In this project, the primary focus was on wrangling chess tournament data using regular expressions. The initial step involved pulling the raw data from GitHub, where the data was stored. Following this, the data underwent a series of transformations to ensure it was in a usable format. Notable attention was paid to extracting and organizing crucial information, such as the pre-ratings of players and their respective opponents. This step was particularly important, as it laid the foundation for the subsequent analysis. As the project neared its conclusion, a final dataframe was created, which included essential columns such as Player.Name, Player.State, Total.Pts, Pre.Rating, and Avg_Opp_PreRating. The dataframe was streamlined to eliminate any unnecessary columns, ensuring it was concise and focused. To ensure accessibility and data preservation, the final dataframe was stored in two formats: a MySQL database table provided ease of access for future analysis, while a CSV file served as a backup.

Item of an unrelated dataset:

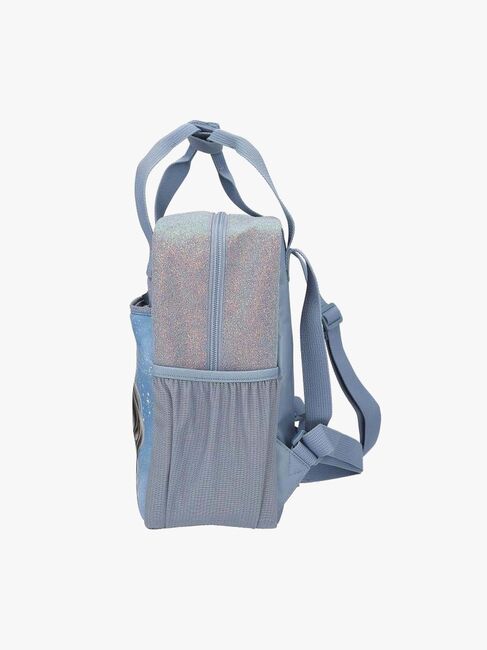 TOPModel Ryggsekk Wolf, Blå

## ── Attaching core tidyverse packages ──────────────────────── tidyverse 2.0.0 ──
## ✔ dplyr 1.1.3 ✔ readr 2.1.4
## ✔ forcats 1.0.0 ✔ stringr 1.5.0
## ✔ ggplot2 3.4.3 ✔ tibble 3.2.1
## ✔ lubridate 1.9.3 ✔ tidyr 1.3.0
## ✔ purrr 1.0.2
## ── Conflicts ────────────────────────────────────────── tidyverse_conflicts() ──
## ✖ dplyr::filter() masks stats::filter()
## ✖ dplyr::lag() masks stats::lag()
## ℹ Use the conflicted package (<http://conflicted.r-lib.org/>) to force all conflicts to become errors
## Warning: package 'RMySQL' was built under R version 4.3.2
Read data from the github
raw_data <- readLines("https://raw.githubusercontent.com/mandiemannz/data-607--Fall-18/master/project1txt", warn = F)
#raw_data
Remove all boarders with dash lines
#replace all dashes
player_data = str_replace_all(raw_data,"-","")
#player_data
Convert raw data into R frame and drop unnecessary columns
#read.delim function is used to read dato into R and connection object is created to interface to string "player data"
cleaned_data = read.delim(textConnection(player_data),header = F, sep = "|", stringsAsFactors = F)
# There is nothing in the column 11 so decided to drop that column
cleaned_data = cleaned_data[,-11]
#cleaned_data
Cleanup first two columns and concatenate rest characters to build up a header
#remove all white spaces from row 1 and 2 and concatenate them in 1
header <- make.names(str_sub(paste(trimws(as.character(cleaned_data[1,])), trimws(as.character(cleaned_data[2,]))), 1, 11))
Header
# Convert all rows excluding into tibble
cleaned_data <- as_tibble(cleaned_data[-c(1, 2), ])
# Assign the head earlier made using make.names function.
names(cleaned_data) <- header
#cleaned_data
Each Player has covered 2 rows, extract State and player ID
# Identify indices for players and state ranks
player_id <- seq(1, nrow(cleaned_data), 2)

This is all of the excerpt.